Stored entries:
━━━━━━━━━━━━━━━━━━━━

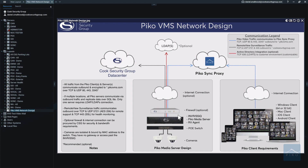There are three parts to this design: the server, the client, and the PicoSync proxy, also known as the PicoCloud.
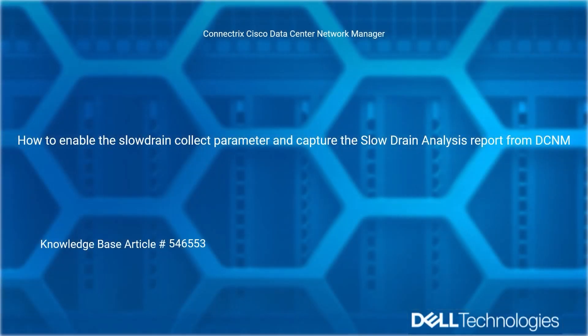Welcome to Dell EMC video for Connectrix Cisco Data Center Network Manager. This video demonstrates how to enable the slow drain collect parameter and capture the slow drain analysis report from DCNM. Reference Dell EMC knowledge base article number 546553.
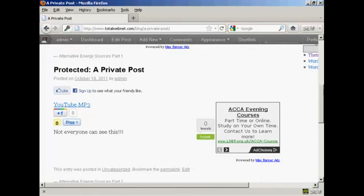And once you've signed in and logged in to view this private post you will be able to view it every time you come to the site. You won't need to log in again unless you are viewing it from a different computer.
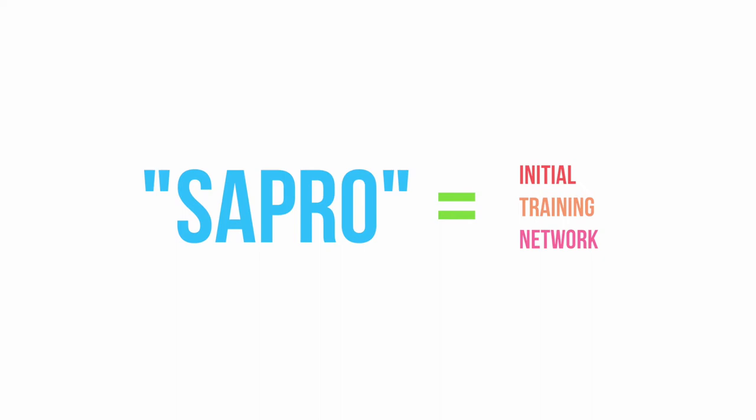SAPRO is one of these ITNs. Its mission is to help find a way of controlling this organism called Saprolegnia. It causes one of the biggest problems in European agriculture, so it's a pretty big deal.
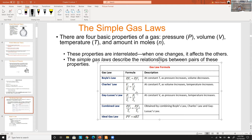Gay-Lussac's Law: same approach, but keep the volume constant — fix the piston so it can't move. As you heat the gas, the molecules move faster and push harder on the walls, but the volume can't change, so the only result is that pressure increases. Pressure and temperature are directly proportional at constant volume.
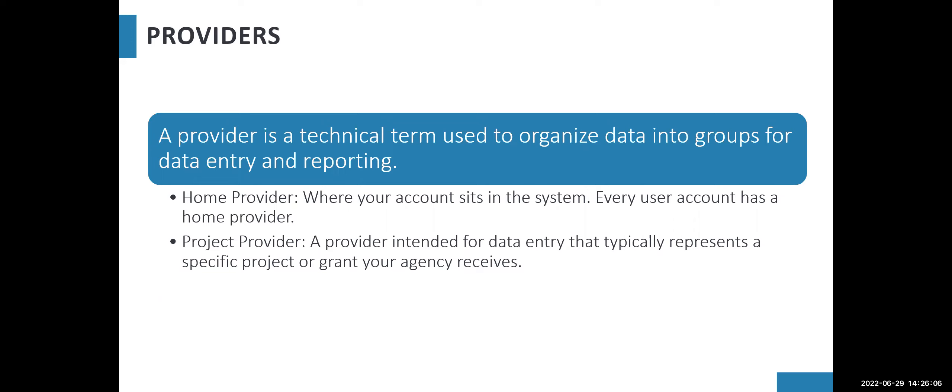Project provider is intended for data entry that typically represents a specific project or grant that your agency receives, and not everyone will have a project provider.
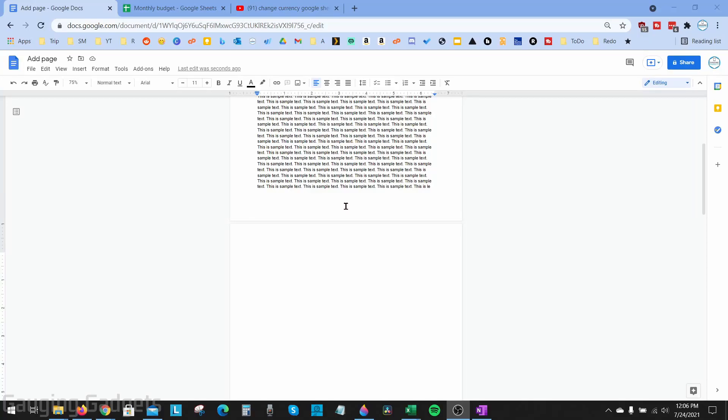Welcome to another Gauging Gadgets Google Docs tutorial video. In this video I'm going to show you how to add lines to your Google Docs. This will be either through adding a horizontal line or even drawing your own lines in Google Docs.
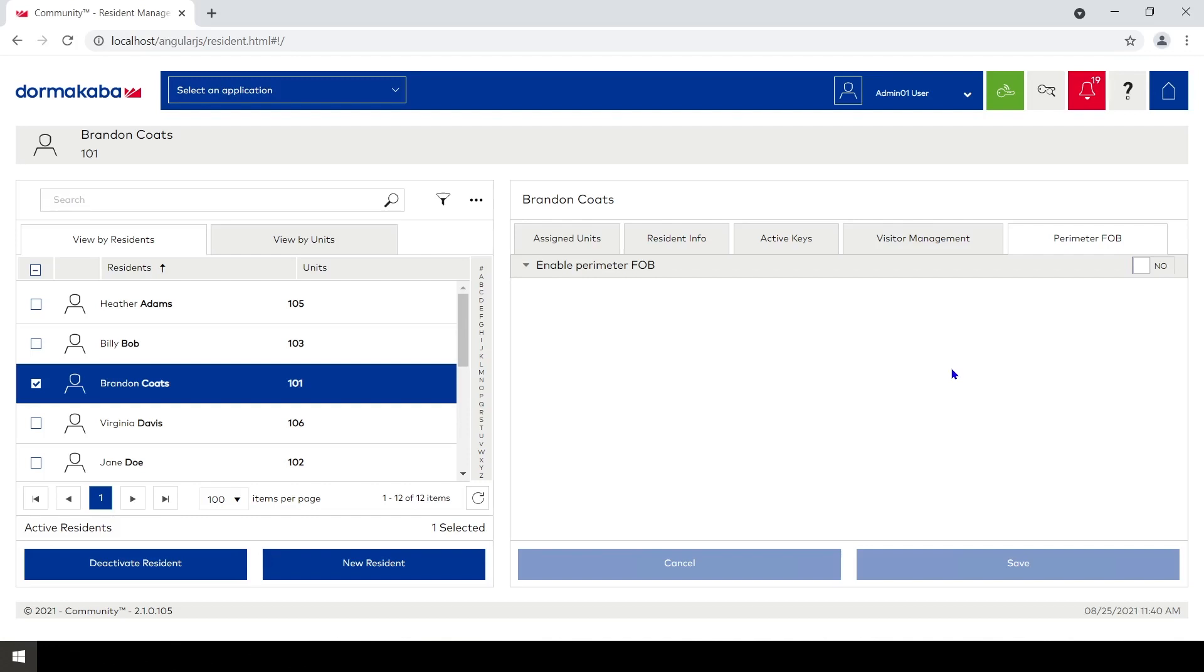This is where we put that data in, and basically what it does is it pushes this data over to the Keyscan Aurora system and out to the readers.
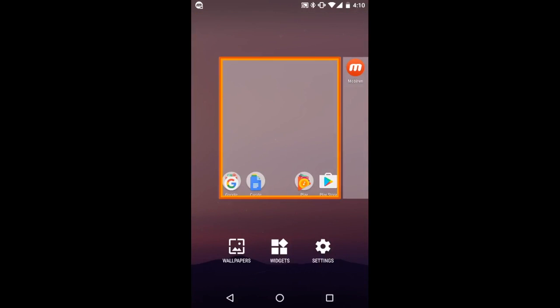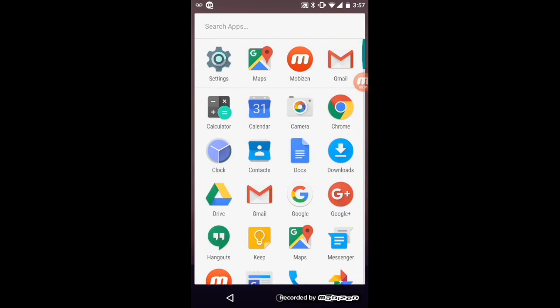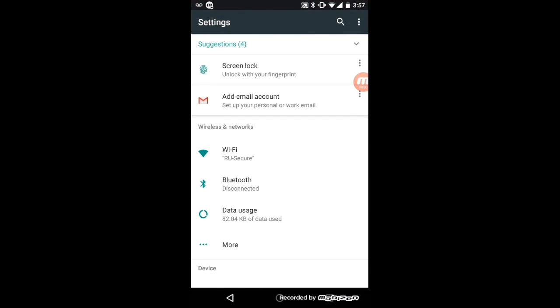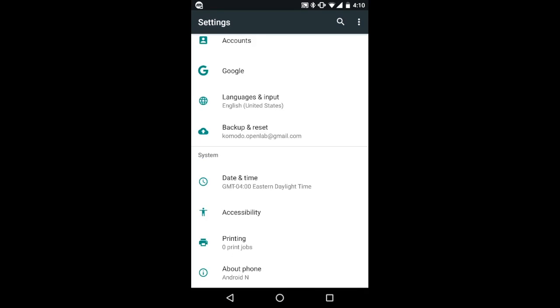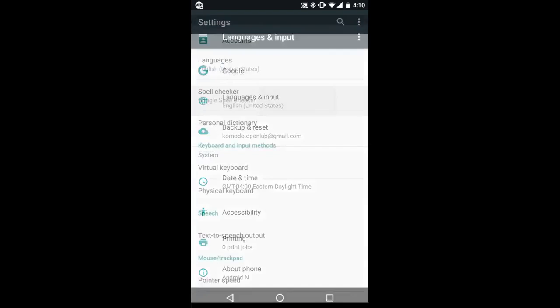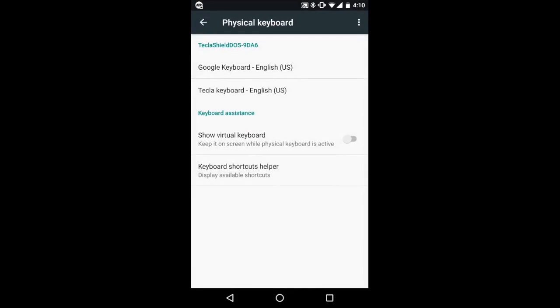Before turning switch access on, you need to ensure that the on-screen keyboard is shown. For this, go to the settings menu, and under language and input, select physical keyboard, and enable the item show virtual keyboard.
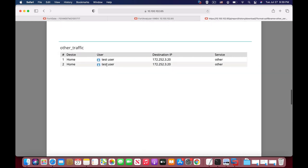There it is. We have other traffic that is destined to that IP address and it comes from our home device.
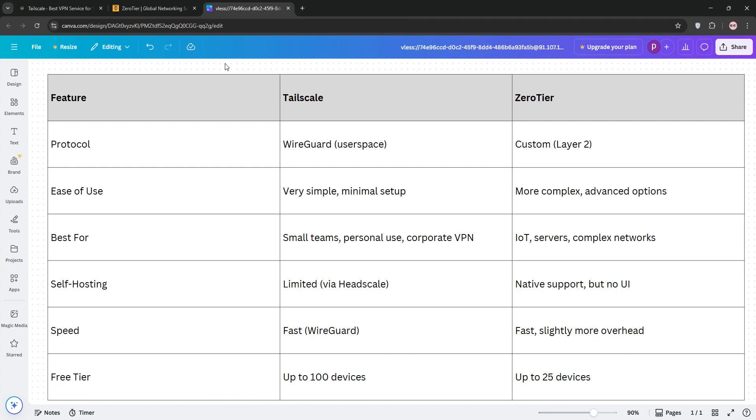ZeroTier, on the other hand, gives you more control and flexibility, ideal for complex networks or IoT, but it's less user-friendly and uses a custom protocol, which some prefer to avoid. Here's a quick comparison chart to sum it up.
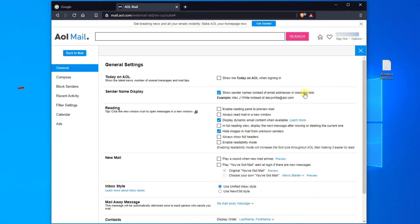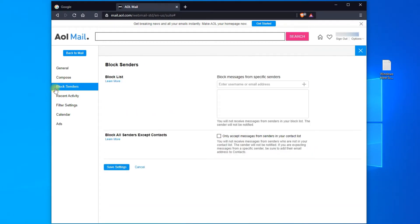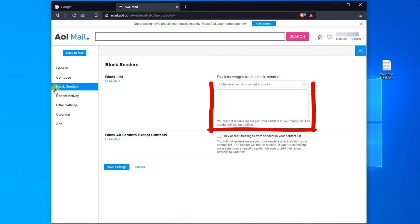From the left panel, select Block Senders. Check in the block list, and remove all email addresses that shouldn't be there.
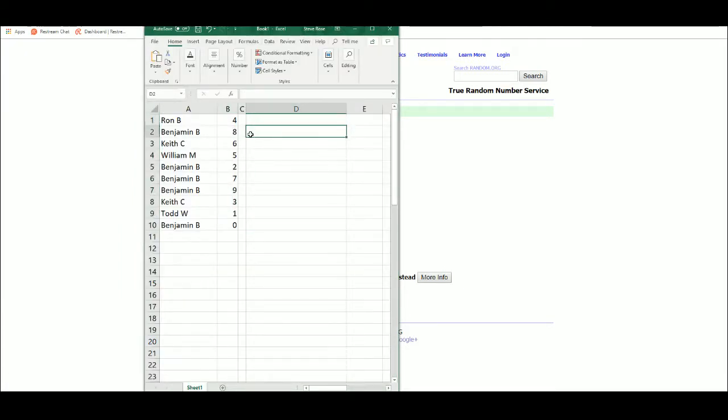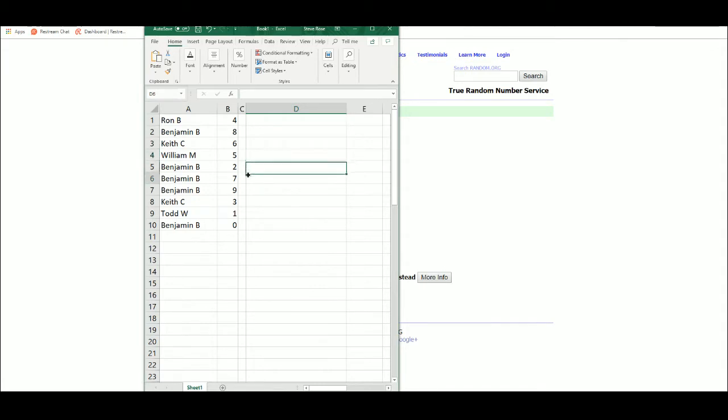Ron, four. Benjamin, eight. Keith, six. William, five. Benjamin, two, seven, and nine.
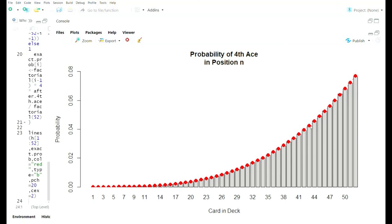One thing I notice when I see this graph is that the probabilities are exactly symmetric. The probability that the first ace is in position 1 is actually the same as the probability that the fourth ace is in position 52. And the probability that the first ace is in position 2 is symmetric to the fourth ace being in position 51. This becomes important practically: if you're a Texas Hold'em player with six players and you want to know the probability that the first ace is in one of those 12 cards, you just sum the first 12 components here. That probability is 67% — so there's a 67% chance the first ace is in one of those 12 cards.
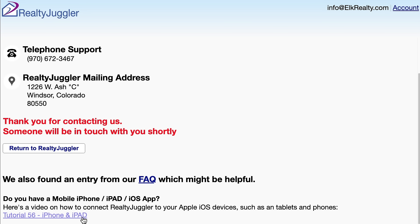RealtyJuggler phone support hours are 9 a.m. to 5 p.m. Mountain Time, Monday through Friday. We would love to speak with you about any questions you might have. We take pride in our responsive technical support and try to answer all questions within the same business day. Thank you for trying RealtyJuggler, and we look forward to helping you improve and streamline your real estate business.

━━━━━━━━━━━━━━━━━━━━

- Problem requirements:
Your answer must be a verbatim copy of the entries above, with no images included.

- Result for this task:
There are three parts to this design: the server, the client, and the PicoSync proxy, also known as the PicoCloud.
Welcome to Dell EMC video for Connectrix Cisco Data Center Network Manager. This video demonstrates how to enable the slow drain collect parameter and capture the slow drain analysis report from DCNM. Reference Dell EMC knowledge base article number 546553.
And once you've signed in and logged in to view this private post you will be able to view it every time you come to the site. You won't need to log in again unless you are viewing it from a different computer.
SAPRO is one of these ITNs. Its mission is to help find a way of controlling this organism called Saprolegnia. It causes one of the biggest problems in European agriculture, so it's a pretty big deal.
Gay-Lussac's Law: same approach, but keep the volume constant — fix the piston so it can't move. As you heat the gas, the molecules move faster and push harder on the walls, but the volume can't change, so the only result is that pressure increases. Pressure and temperature are directly proportional at constant volume.
Project provider is intended for data entry that typically represents a specific project or grant that your agency receives, and not everyone will have a project provider.
Welcome to another Gauging Gadgets Google Docs tutorial video. In this video I'm going to show you how to add lines to your Google Docs. This will be either through adding a horizontal line or even drawing your own lines in Google Docs.
This is where we put that data in, and basically what it does is it pushes this data over to the Keyscan Aurora system and out to the readers.
Before turning switch access on, you need to ensure that the on-screen keyboard is shown. For this, go to the settings menu, and under language and input, select physical keyboard, and enable the item show virtual keyboard.
There it is. We have other traffic that is destined to that IP address and it comes from our home device.
ZeroTier, on the other hand, gives you more control and flexibility, ideal for complex networks or IoT, but it's less user-friendly and uses a custom protocol, which some prefer to avoid. Here's a quick comparison chart to sum it up.
From the left panel, select Block Senders. Check in the block list, and remove all email addresses that shouldn't be there.
Ron, four. Benjamin, eight. Keith, six. William, five. Benjamin, two, seven, and nine.
One thing I notice when I see this graph is that the probabilities are exactly symmetric. The probability that the first ace is in position 1 is actually the same as the probability that the fourth ace is in position 52. And the probability that the first ace is in position 2 is symmetric to the fourth ace being in position 51. This becomes important practically: if you're a Texas Hold'em player with six players and you want to know the probability that the first ace is in one of those 12 cards, you just sum the first 12 components here. That probability is 67% — so there's a 67% chance the first ace is in one of those 12 cards.
RealtyJuggler phone support hours are 9 a.m. to 5 p.m. Mountain Time, Monday through Friday. We would love to speak with you about any questions you might have. We take pride in our responsive technical support and try to answer all questions within the same business day. Thank you for trying RealtyJuggler, and we look forward to helping you improve and streamline your real estate business.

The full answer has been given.